Очень сильный пол | страница 113



– Ты даже не представляешь, насколько ты права, – сказал он. – Тут и с поллитрой не разберешься. Только я не могу, девушки, не обижайтесь: ГАИ не велит…

В машине он пожалел, что оставил недопитый виски на работе: голова начала болеть до того нестерпимо, что он был готов, в самых худших традициях, глотнуть, стоя у очередного светофора. Нагнуться – и глотнуть… Благо, все равно уже темно.

Но выпить в машине было нечего. И головная боль постепенно перешла в звон, в мерный шум в ушах, будто загомонила в голове огромная толпа, голоса спешили, раздавались отдельные вскрики, и все громче, все быстрее… Это ему было знакомо еще с детства – такой шум в голове, начиналось всегда в тишине, когда сидел в комнате один, делал уроки, точнее, делал вид, что делает уроки, сунув в ящик стола «Трех товарищей». Смешно… Так и дожил, дурень, почти до старости по милой этой подростковой литературе. И все оттуда: и пьянство, и к женщине отношение, и к машине, и даже к тряпкам, если задуматься.

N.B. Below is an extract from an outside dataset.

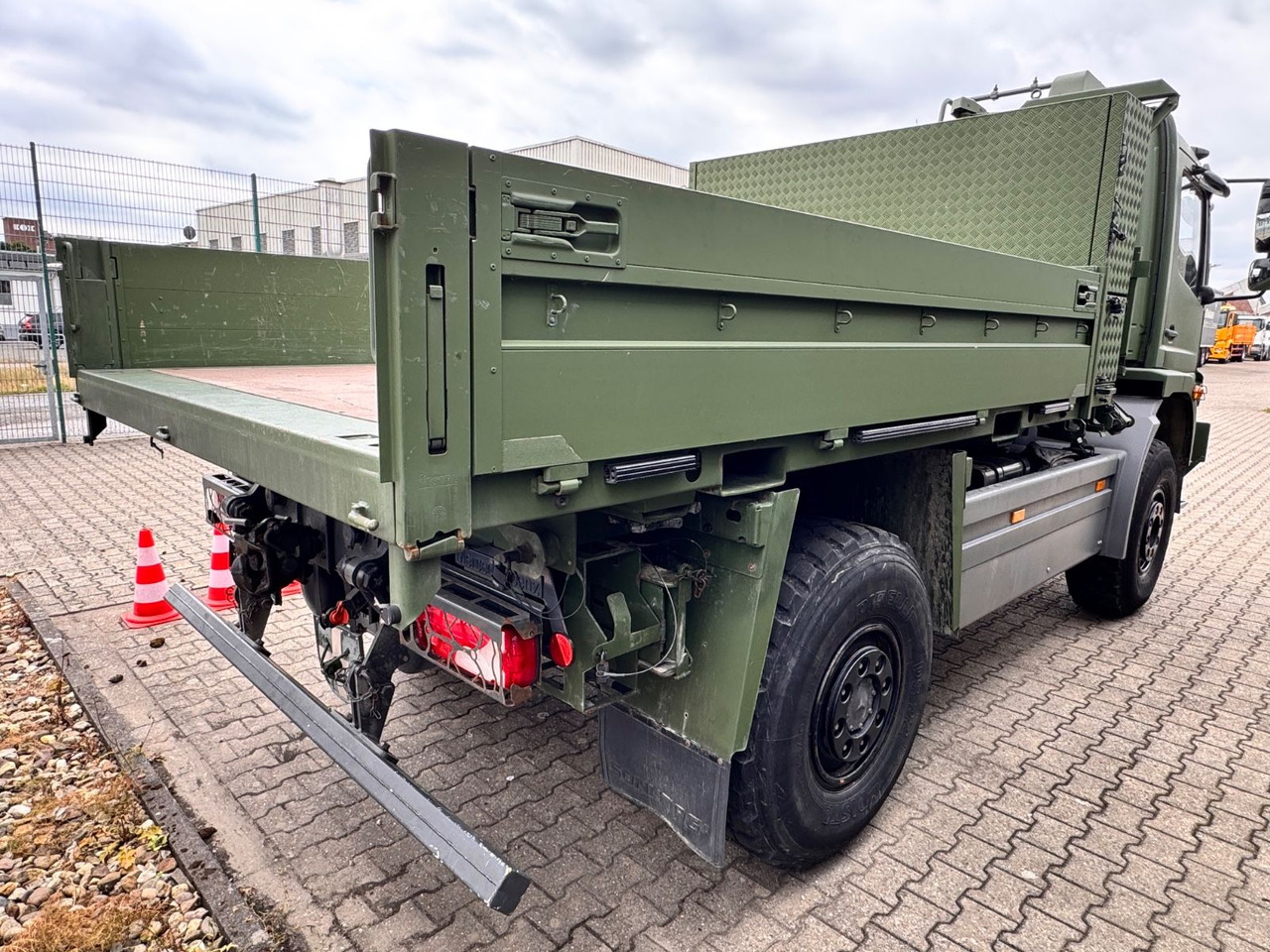 Mercedes-Benz 1018 Atego 4x4 Allrad Camper Expedition - Camión portacontenedore/ Intercambiable: foto 4 Mercedes-Benz 1018 Atego 4x4 Allrad Camper Expedition - Camión portacontenedore/ Intercambiable: foto 4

Еще из «Черного обелиска», конечно, ну и из «Жизни взаймы». На листочки развалившиеся издания конца пятидесятых – начала шестидесятых. И любовь – из «Фиесты», из «Кошки под дождем», из «Оружия»… Вот и вся культурно-психологическая подкладка ученого, заметного персоноведа и номенолога. А все остальное – флер, декорация, видимость, понт. И имя-то сделал, проследив совпадения биографии такого же на пустом месте модного автора и судеб его героев, назвав настоящие имена вполне еще живых прототипов, известных людей, и, конечно же, сразу ставши не менее скандально знаменитым, чем сам романист…

В голове стоял крик. В детстве помогало вскочить из-за стола, забегать по комнате, с пением, с выкрикиванием во весь голос: «Мо-она Лиса…» – под любимейшего Пэта Буна с модуляциями. Из кухни приходила бабушка, с отчаянием смотрела на безумного мальчишку, редкие ее белые кудерьки шевелились под ветром из открытого настежь, но затянутого марлей на кнопках окна, она стояла, малюсенькая, сухая, но крутобедрая, с хорошо выпрямленной в ее семьдесят лет спиной, и смотрела, как внук на глазах сходит с ума от чтения и бесконечного слушания этой идиотской американской музыки…

Ночи напролет, вплотную прислонясь ухом к матерчатому фасаду мавзолееподобного приемника «Мир»…

Но в машине нельзя было вскочить, завопить, забегать, и крик нарастал, это больше всего было похоже на вопли политических шизофреников, все еще собиравшихся у стендов некогда модной газеты, хотя чего уж кричать? Все давно ясно.